Filament
- June 2010 cover
- Editor: Suraya Sidhu Singh
- Categories: Women's magazines
- Frequency: Quarterly / biannually
- First issue: June 2009
- Final issue: December 2011
- Country: United Kingdom
- Language: English
- Website: Filament
- ISSN: 2041-1472

= Filament (magazine) =

Defunct British erotic quarterly magazine

Filament was a British erotic magazine aimed at women, published in the United Kingdom. It ran for 9 issues, from June 2009 to December 2011.

The magazine featured both explicit and non-explicit pornographic imagery of men, designed specifically for heterosexual women (as distinct from that designed for gay men). The magazine claimed to use "academic and primary research" in producing its content.

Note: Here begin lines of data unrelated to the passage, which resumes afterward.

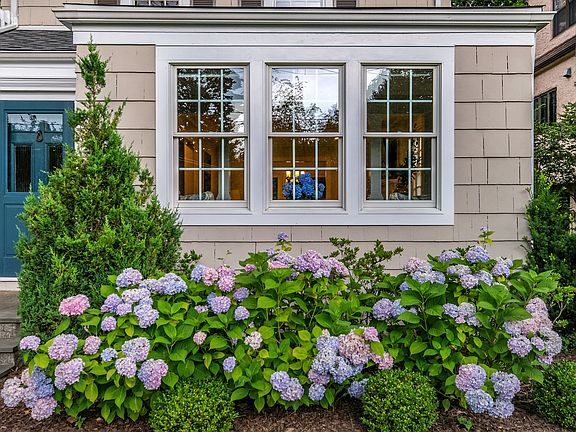 19 Nassau Rd Larchmont, NY (05 of 37).jpg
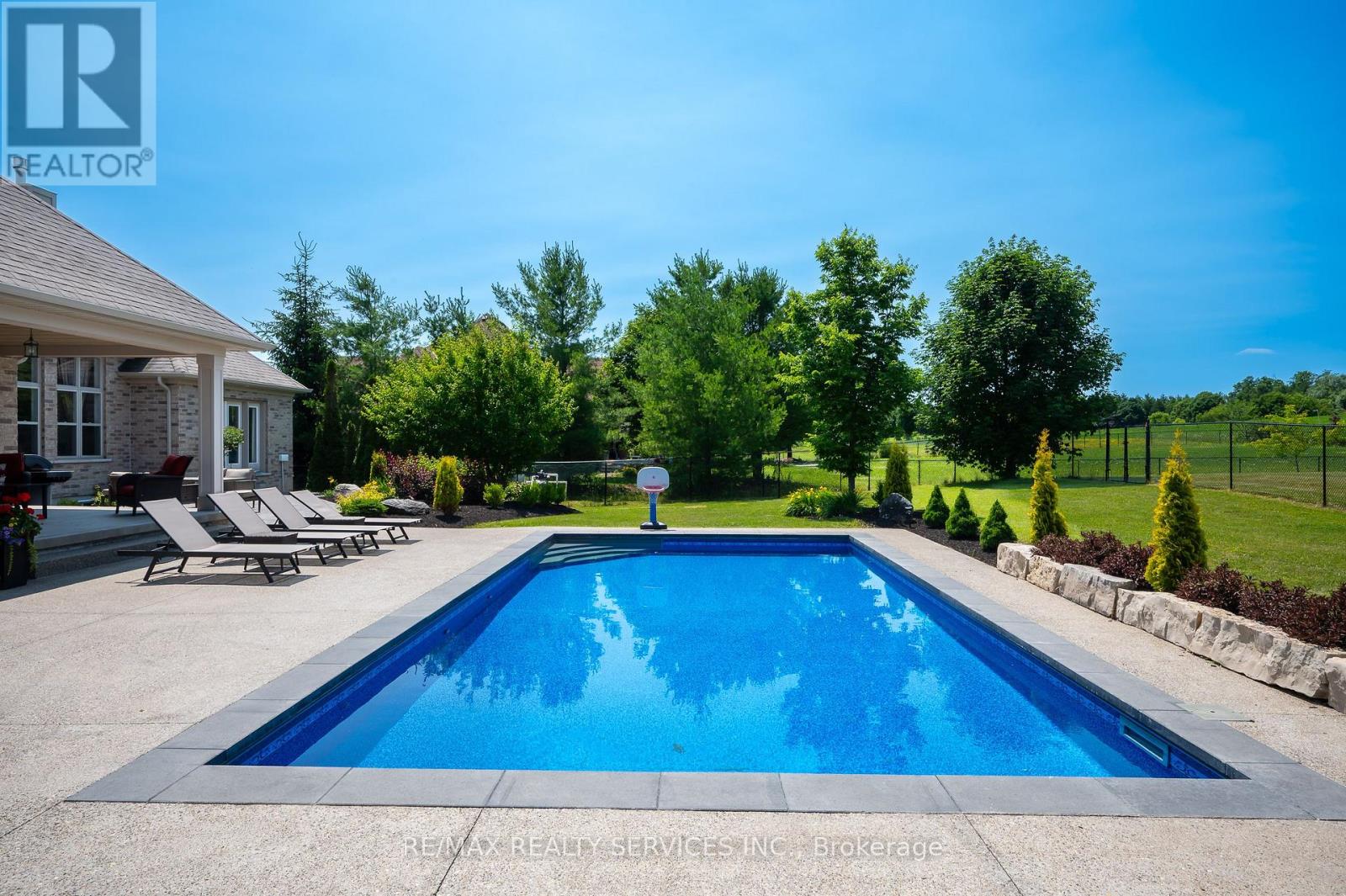 23 Old Ruby Lane, Puslinch, Ontario N0B 2J0 - Photo 45 - X12411389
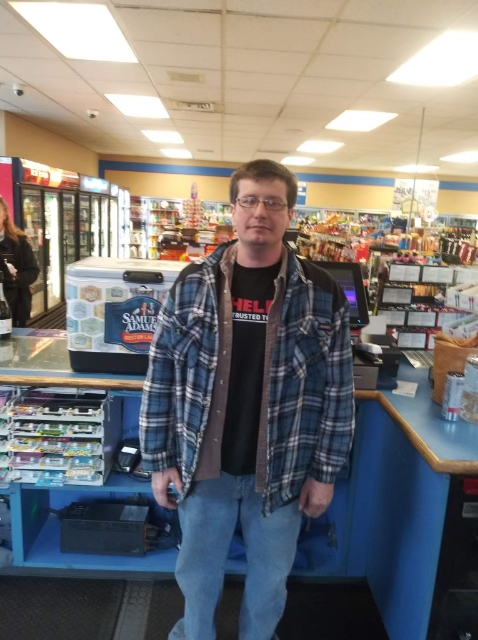 Jakesmarket's tweet image. Ding! Ding! Ding! We have a winner 🥳
Congrats to Michael W for winning the #SamAdams cooler raffle at our #SpringfieldVT Market!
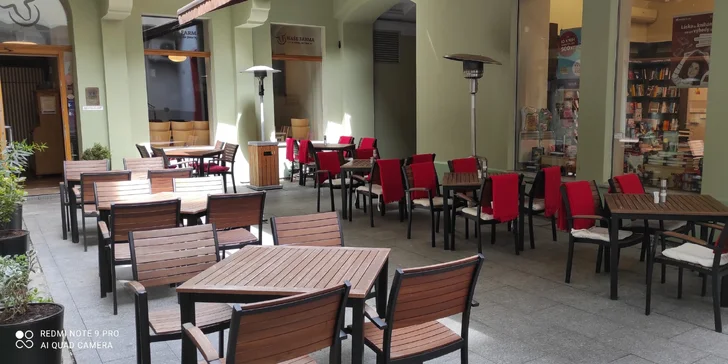 Otevřené vouchery na pokrmy i nápoje z vyhlášené české restaurace Naše Farma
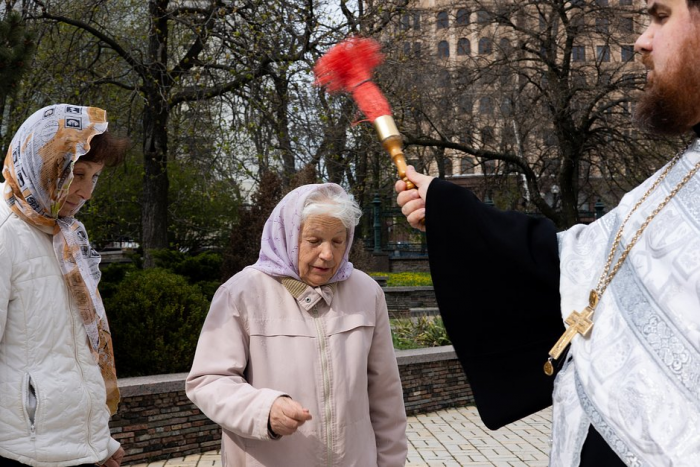 «Опасность тут постоянно» Почему храмы Донбасса не закрылись во время войны и что они пережили, став спасением для тысяч прихожан?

Critical reactions to Filament were varied. Voxpops with women undertaken by New Zealand current affairs programme Close Up were mixed, and those undertaken by British chat show The Wright Stuff were mainly negative, though some blogs were positive in their reception of the magazine.

==Erection campaign==
In August 2009 Filament magazine began a campaign to become the first UK women's magazine to publish an erection pictorial, after the printers of its first issue declined to print the second if it contained such images. Filament sought to sell 328 further copies of the first issue to finance changing printer, and succeeded. The campaign attracted support from high-profile figures such as Zoe Margolis and Warren Ellis.